Dies gilt für das Kohlendioxid (120 Jahre), das Distickstoffoxid (114 Jahre) und die FCKW (65 bzw. 120 Jahre). Das Methan dagegen hat eine relativ kurze Lebensdauer von nur zehn Jahren. Die Erderwärmungswirkung über einen bestimmten Zeitraum wird durch die so genannten GWP-Werte (Greenhouse Warming Potential) beschrieben. Dabei wird die Menge eines Treibhausgases mit dem GWP-Wert gewichtet und dann als CO2-Äquivalent-Menge angegeben.
Die derzeitige weltweite CO2-Emission beträgt ca. 40 Gigatonnen (Gt)* pro Jahr; die Emission aller Treibhausgase in CO2-Äquivalenten gemessen liegt gar bei 56 Gt. Für Deutschland macht die CO2-Emission seit vielen Jahren fast unverändert zirka 0,9 Gt aus, also gut zehn Tonnen pro Kopf der Bevölkerung pro Jahr.

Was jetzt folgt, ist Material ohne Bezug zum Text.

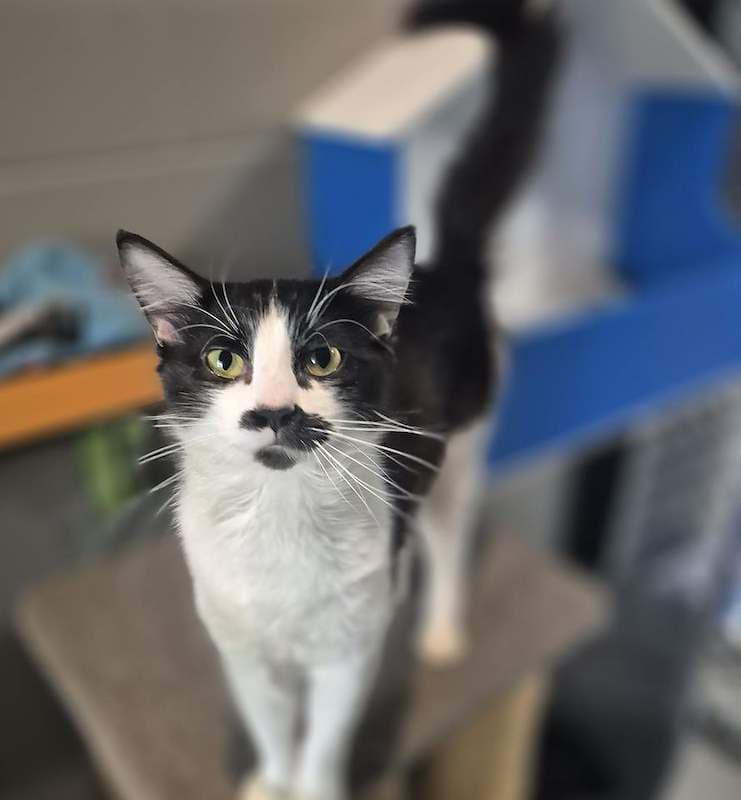 Charlie - Domestic Medium Hair cat available for adoption at RSPCA Queensland in Gympie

* eine Gigatonne ist eine Milliarde Tonnen
Reinhard Zellner
Der Professor für Physikalische Chemie mit Schwerpunkt Atmosphärenchemie forschte bis 2018 an der UDE. Er gehörte zwei Umwelt-Enquete-Kommissionen des Deutschen Bundestags an. Außerdem koordinierte er das deutsche Ozon-Forschungsprogramm und war Vorsitzender des Sachverständigenkreises ‚Globale Umweltaspekte‘ des Bundesforschungsministeriums.

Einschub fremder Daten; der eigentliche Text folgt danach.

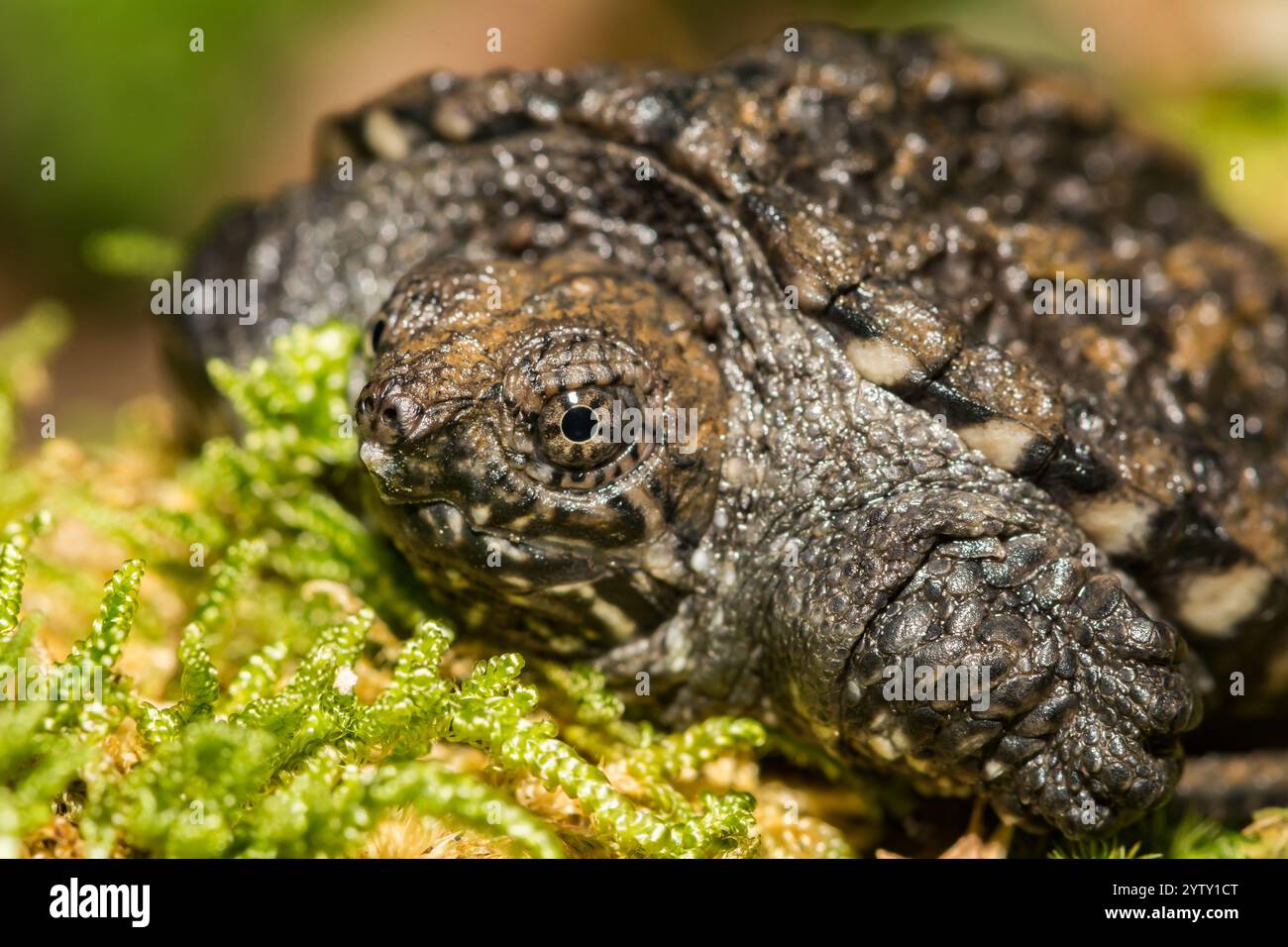 Gemeinsame Schnappschildkröte Hatchling - Chelydra serpentina Stockfoto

Bis 2018 war Zellner auch verantwortlich für zwei Ausschüsse zu Luftqualität und Feinstäuben in der Gesellschaft Deutscher Chemiker.

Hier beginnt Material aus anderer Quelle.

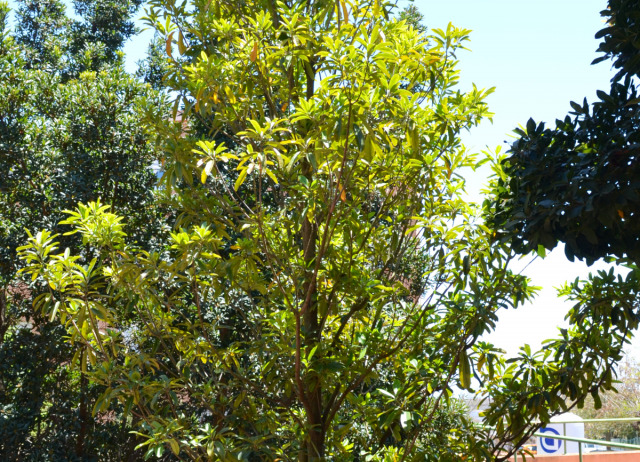 Marmolán (Sideroxylon marmulano). Familia Sapotaceae. Bosque termófilo. Endemismo Macaronésico.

Folgen und Handlungsbedarf
Die globale Mitteltemperatur der Erde hat sich seit Beginn der Industrialisierung um gut 1°C erhöht. Die Klimaforschung führt dies zweifelsfrei auf die Zunahme der klimawirksamen Spurengase zurück. Schreitet das ungebremste Wachstum fort, wird für das Jahr 2100 ein weiterer Anstieg auf 4 bis 6°C vorausgesagt. Die Folgen einer solchen Temperaturerhöhung sind jetzt schon erkennbar: Anstieg der Meeresspiegel, Unbewohnbarkeit tiefliegender Küstenzonen, Zunahme von Stürmen, Trockenheit und Extremwetterlagen (Starkniederschläge und Heißwetter-Perioden). Es muss also dringend gehandelt werden.
Ziel ist deshalb, dass die globale Temperatur nicht mehr als weitere 1,5°C steigt. Das 2-Grad-Ziel des Pariser Abkommens von 2015 wird vom UNO-Weltklimarat längst nicht mehr als ausreichend angesehen, um die oben genannten Folgen einzudämmen.
Das heißt: Die derzeitige CO2-Emission muss dramatisch reduziert und der derzeitige Wachstumstrend spätestens Mitte der 2020iger umgekehrt werden. Dies ist eine enorm große technische, wirtschaftliche und auch politische Herausforderung, weil es bedeutet, dass wir graduell und schließlich vollends auf die fossilen Energieressourcen verzichten und auf regenerative Energieformen (Wind- und Solarkraft) umsteigen müssen.
Das Ende der 5-Kilowatt-Gesellschaft
In Deutschland – wie in anderen Industrieländern auch – leben wir derzeit in einer 5-Kilowatt-Gesellschaft. Dies heißt, dass wir unsere rein biologisch erforderliche Leistung von etwa 120 Watt um das 40-Fache überschreiten. Oder anders ausgedrückt: Wir haben alle 40 Sklaven im Keller, die unseren Wohlstand und Lebensstil sicherstellen. Das kann ein Globus mit nunmehr knapp acht Milliarden Menschen unmöglich leisten – zumal diese Zahl noch weiter anwachsen wird (hauptsächlich in Afrika) und ein Großteil der Wachstumsländer einen enormen wirtschaftlichen und energetischen Aufholbedarf hat. Dieser darf keinesfalls mehr aus fossilen Energiequellen gedeckt werden. Es ist eine Frage der globalen Verantwortung und auch Gerechtigkeit, diesen Ländern technisch und gegebenenfalls auch finanziell zu helfen.